▸ WHAT YOU NEED TO DO: Collect the lines of the entries where "propostas" shows up.

▸ GIVEN RECORDS:
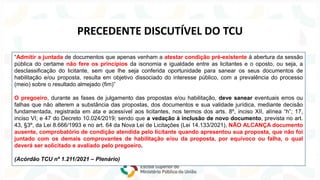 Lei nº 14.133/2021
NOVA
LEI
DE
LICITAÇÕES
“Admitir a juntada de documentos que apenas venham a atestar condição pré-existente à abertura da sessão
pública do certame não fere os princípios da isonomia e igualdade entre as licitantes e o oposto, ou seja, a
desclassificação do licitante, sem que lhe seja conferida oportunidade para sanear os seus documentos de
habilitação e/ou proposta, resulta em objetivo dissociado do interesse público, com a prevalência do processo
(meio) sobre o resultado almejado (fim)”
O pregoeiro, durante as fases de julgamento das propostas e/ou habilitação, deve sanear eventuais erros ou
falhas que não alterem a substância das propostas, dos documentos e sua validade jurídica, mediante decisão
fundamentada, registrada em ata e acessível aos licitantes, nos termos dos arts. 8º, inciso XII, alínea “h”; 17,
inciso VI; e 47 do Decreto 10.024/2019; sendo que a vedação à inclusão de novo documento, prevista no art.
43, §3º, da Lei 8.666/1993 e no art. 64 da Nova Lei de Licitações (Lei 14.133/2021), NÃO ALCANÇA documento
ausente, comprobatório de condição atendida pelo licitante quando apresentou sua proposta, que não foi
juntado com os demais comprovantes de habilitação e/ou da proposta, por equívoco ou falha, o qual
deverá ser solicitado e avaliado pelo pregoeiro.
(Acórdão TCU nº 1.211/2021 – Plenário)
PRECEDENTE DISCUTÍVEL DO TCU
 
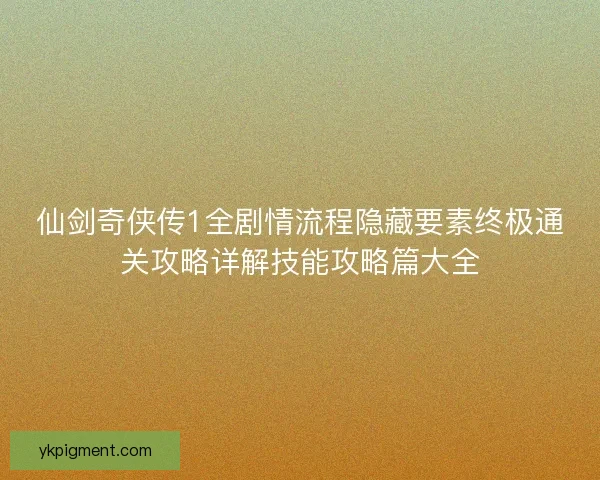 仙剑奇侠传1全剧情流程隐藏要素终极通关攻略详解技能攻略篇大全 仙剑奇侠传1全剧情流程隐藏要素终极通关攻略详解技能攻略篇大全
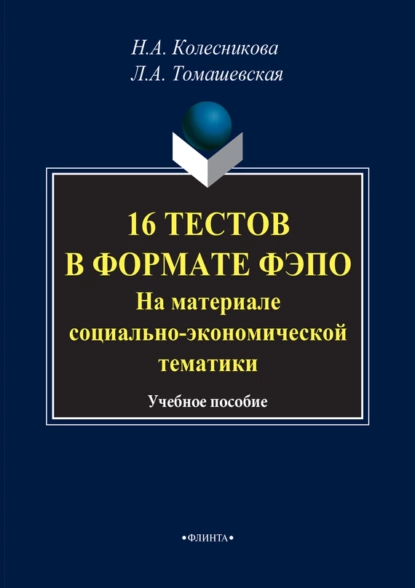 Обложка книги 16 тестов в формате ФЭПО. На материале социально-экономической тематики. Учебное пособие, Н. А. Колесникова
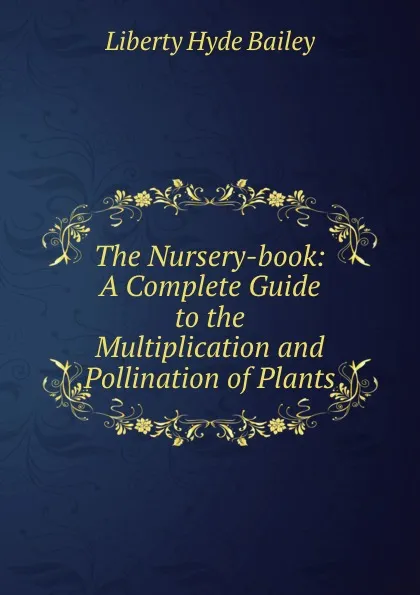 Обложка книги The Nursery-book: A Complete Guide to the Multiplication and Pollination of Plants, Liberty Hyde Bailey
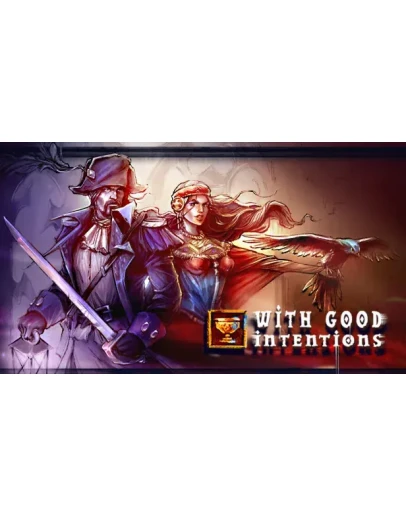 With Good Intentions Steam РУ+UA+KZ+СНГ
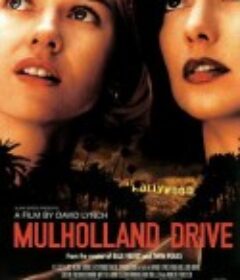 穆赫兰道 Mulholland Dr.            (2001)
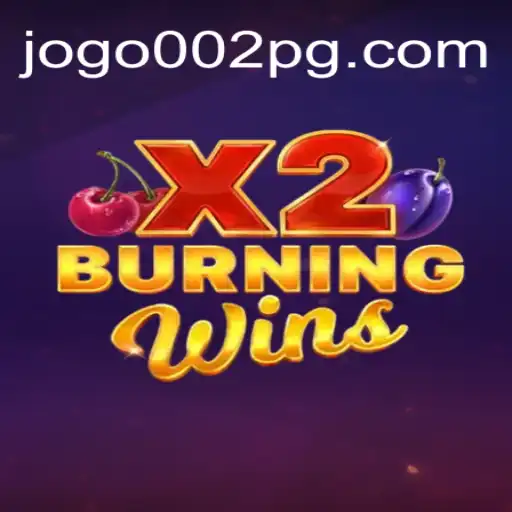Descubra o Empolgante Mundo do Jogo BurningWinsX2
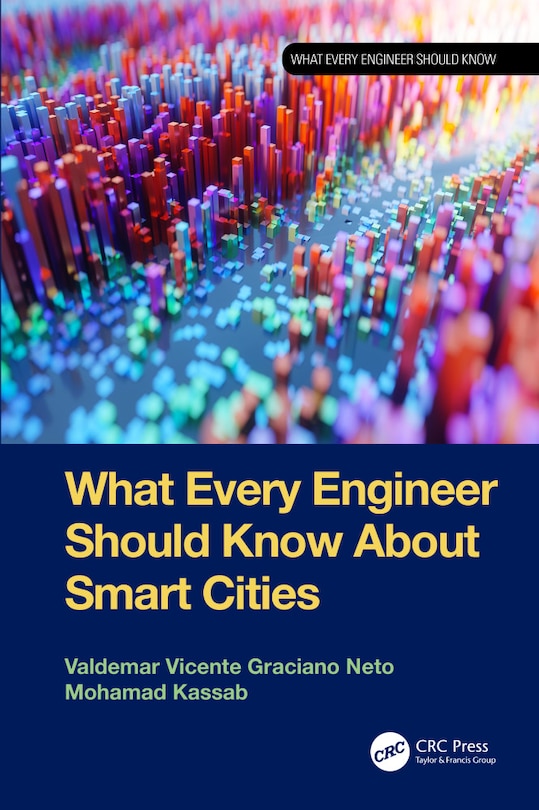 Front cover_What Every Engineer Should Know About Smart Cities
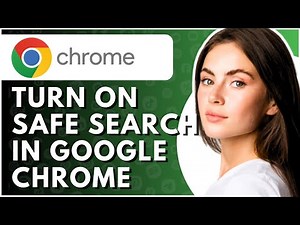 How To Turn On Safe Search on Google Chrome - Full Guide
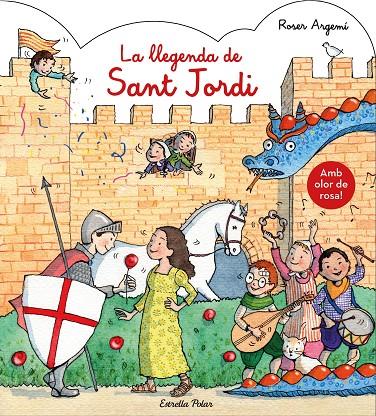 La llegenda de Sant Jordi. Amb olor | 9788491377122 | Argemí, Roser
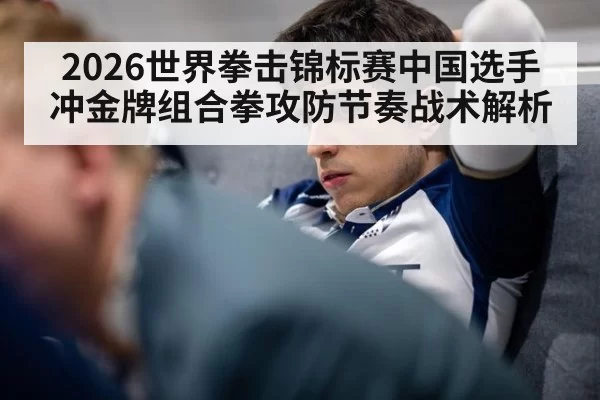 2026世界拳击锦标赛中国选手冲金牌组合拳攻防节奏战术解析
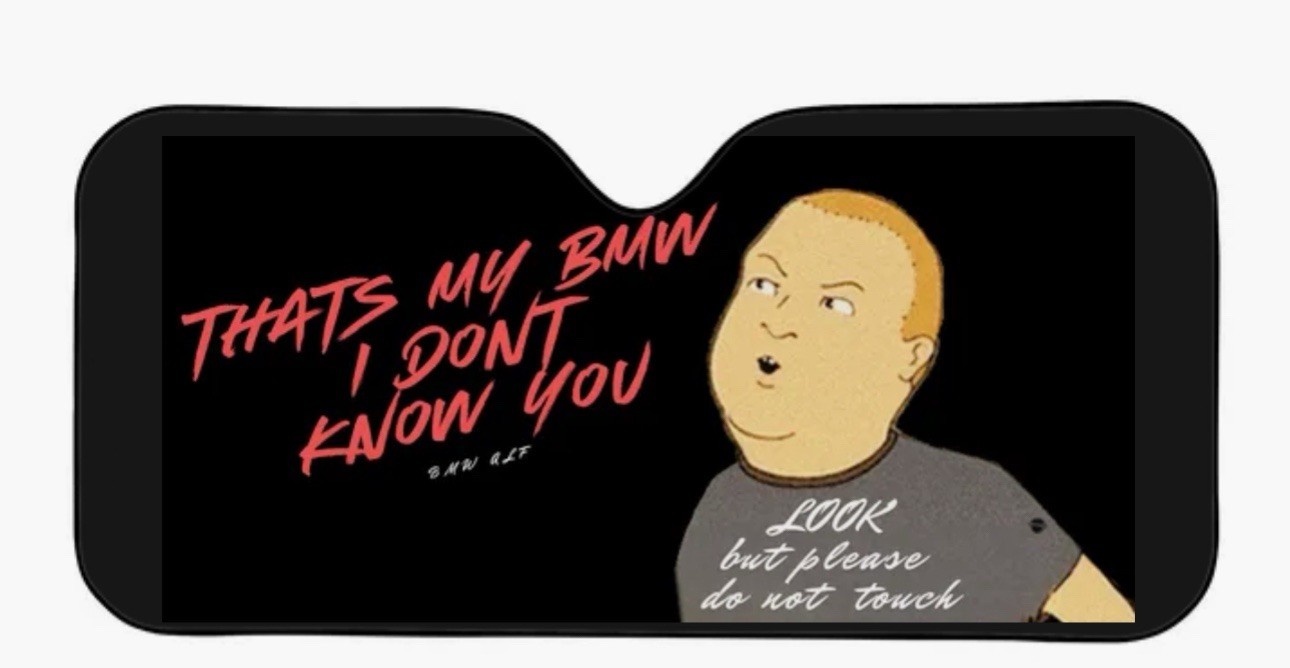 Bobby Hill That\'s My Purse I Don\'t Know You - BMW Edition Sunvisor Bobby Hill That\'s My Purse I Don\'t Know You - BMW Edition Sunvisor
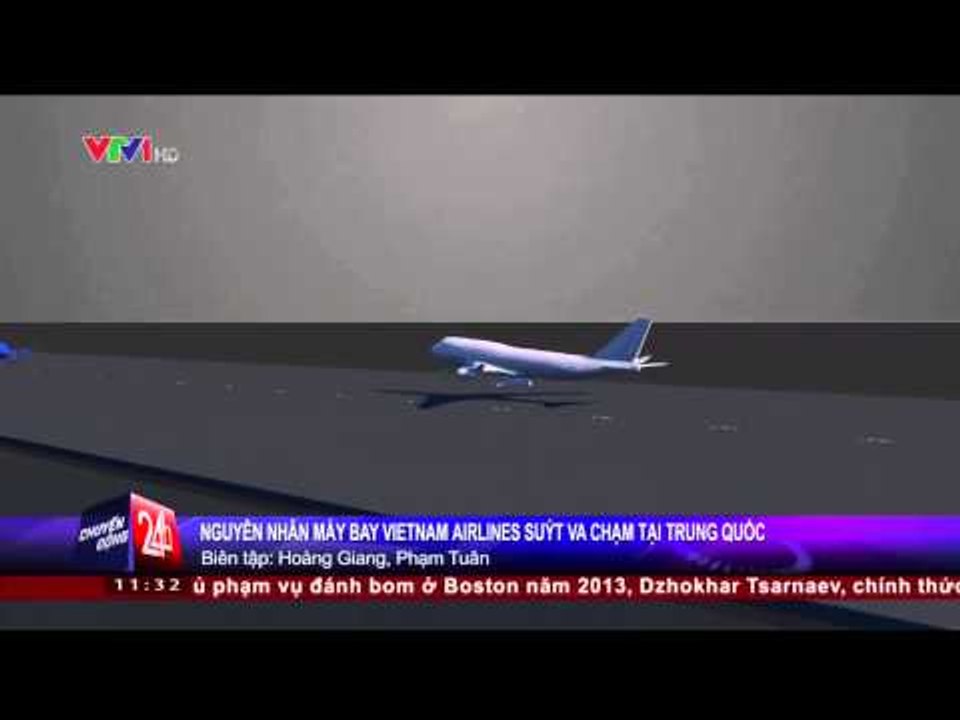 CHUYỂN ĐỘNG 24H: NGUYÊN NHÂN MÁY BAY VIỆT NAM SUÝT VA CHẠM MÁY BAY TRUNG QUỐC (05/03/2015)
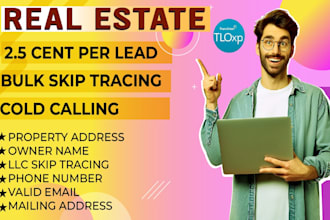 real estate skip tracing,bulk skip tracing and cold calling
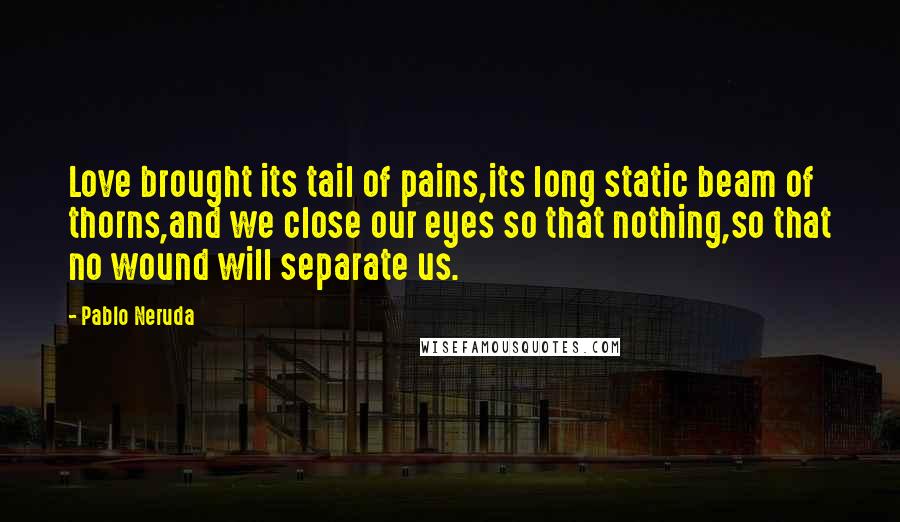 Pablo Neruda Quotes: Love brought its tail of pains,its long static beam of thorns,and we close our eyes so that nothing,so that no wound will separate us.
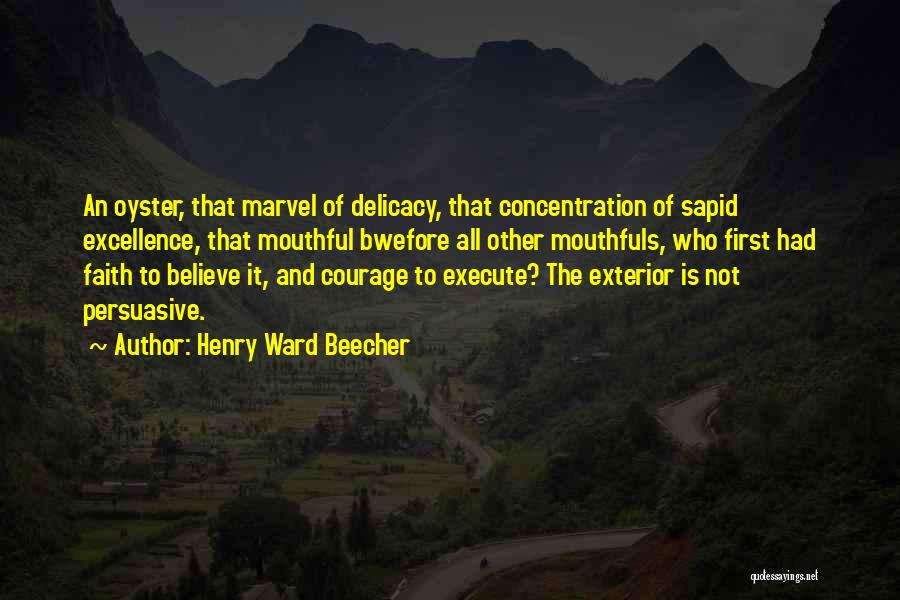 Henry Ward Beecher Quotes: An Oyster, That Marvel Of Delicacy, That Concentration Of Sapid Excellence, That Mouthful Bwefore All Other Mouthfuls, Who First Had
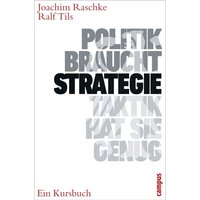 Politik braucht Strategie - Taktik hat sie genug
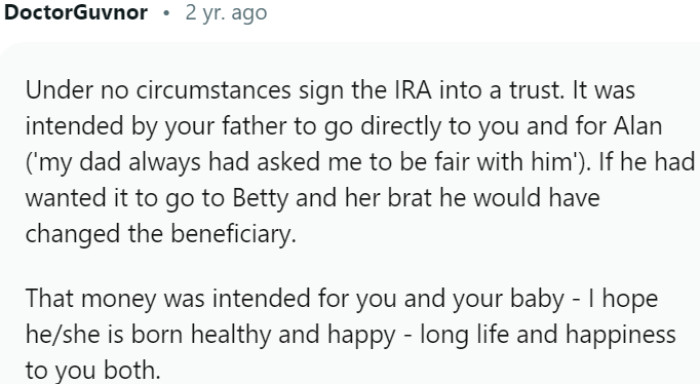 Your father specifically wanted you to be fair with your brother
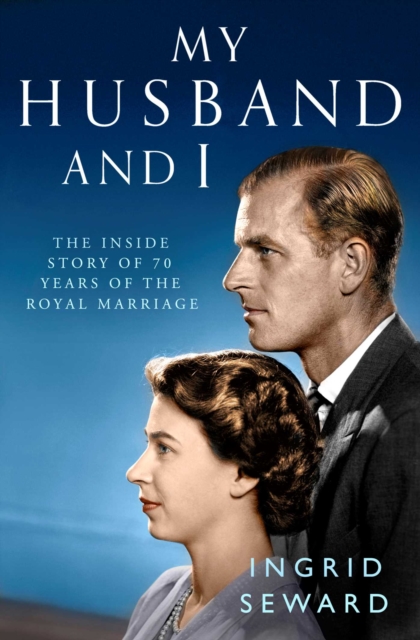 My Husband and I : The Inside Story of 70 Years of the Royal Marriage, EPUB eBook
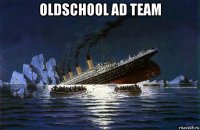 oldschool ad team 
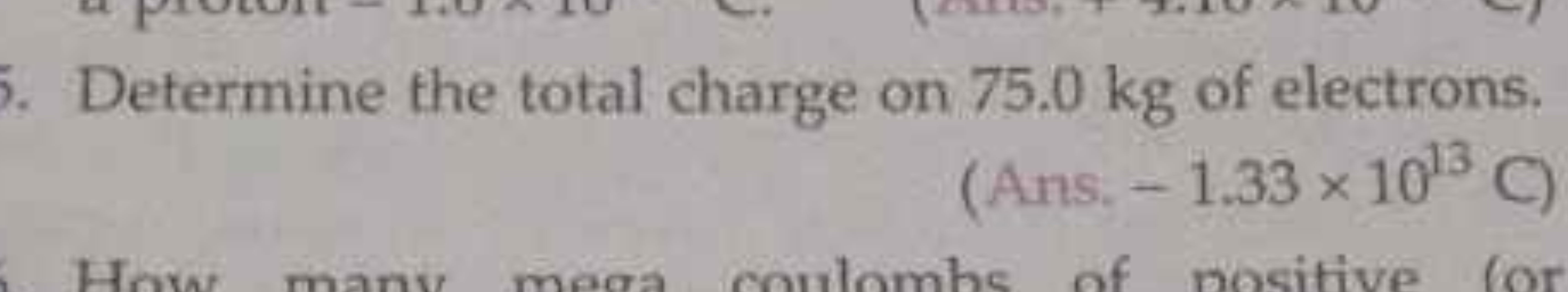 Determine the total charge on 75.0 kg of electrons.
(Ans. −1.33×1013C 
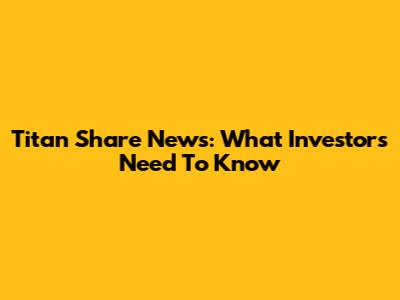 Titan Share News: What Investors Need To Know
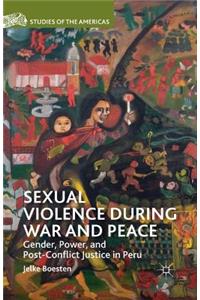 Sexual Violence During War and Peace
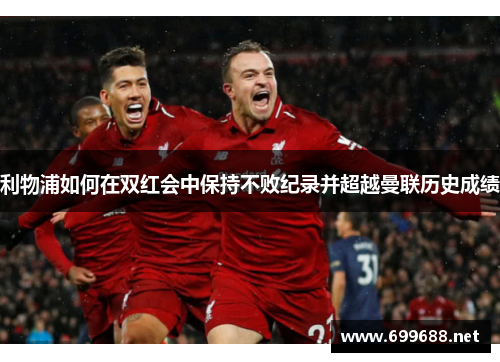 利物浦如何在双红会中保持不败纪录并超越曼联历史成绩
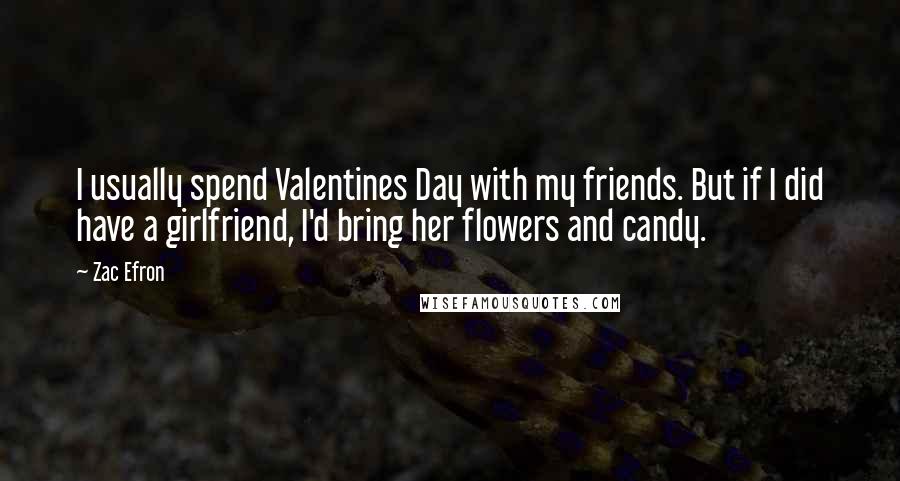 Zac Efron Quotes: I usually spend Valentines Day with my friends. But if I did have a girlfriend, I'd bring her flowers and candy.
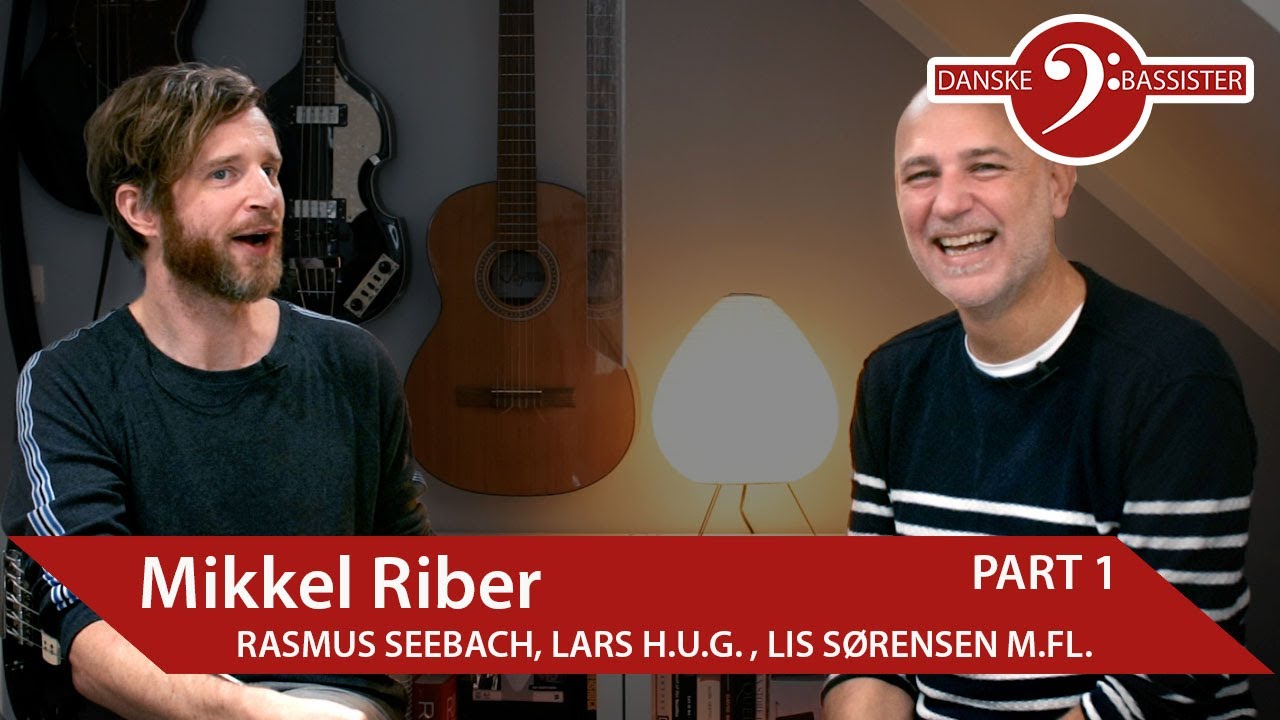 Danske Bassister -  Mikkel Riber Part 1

▸ FINISHED EXERCISE:
O pregoeiro, durante as fases de julgamento das propostas e/ou habilitação, deve sanear eventuais erros ou
falhas que não alterem a substância das propostas, dos documentos e sua validade jurídica, mediante decisão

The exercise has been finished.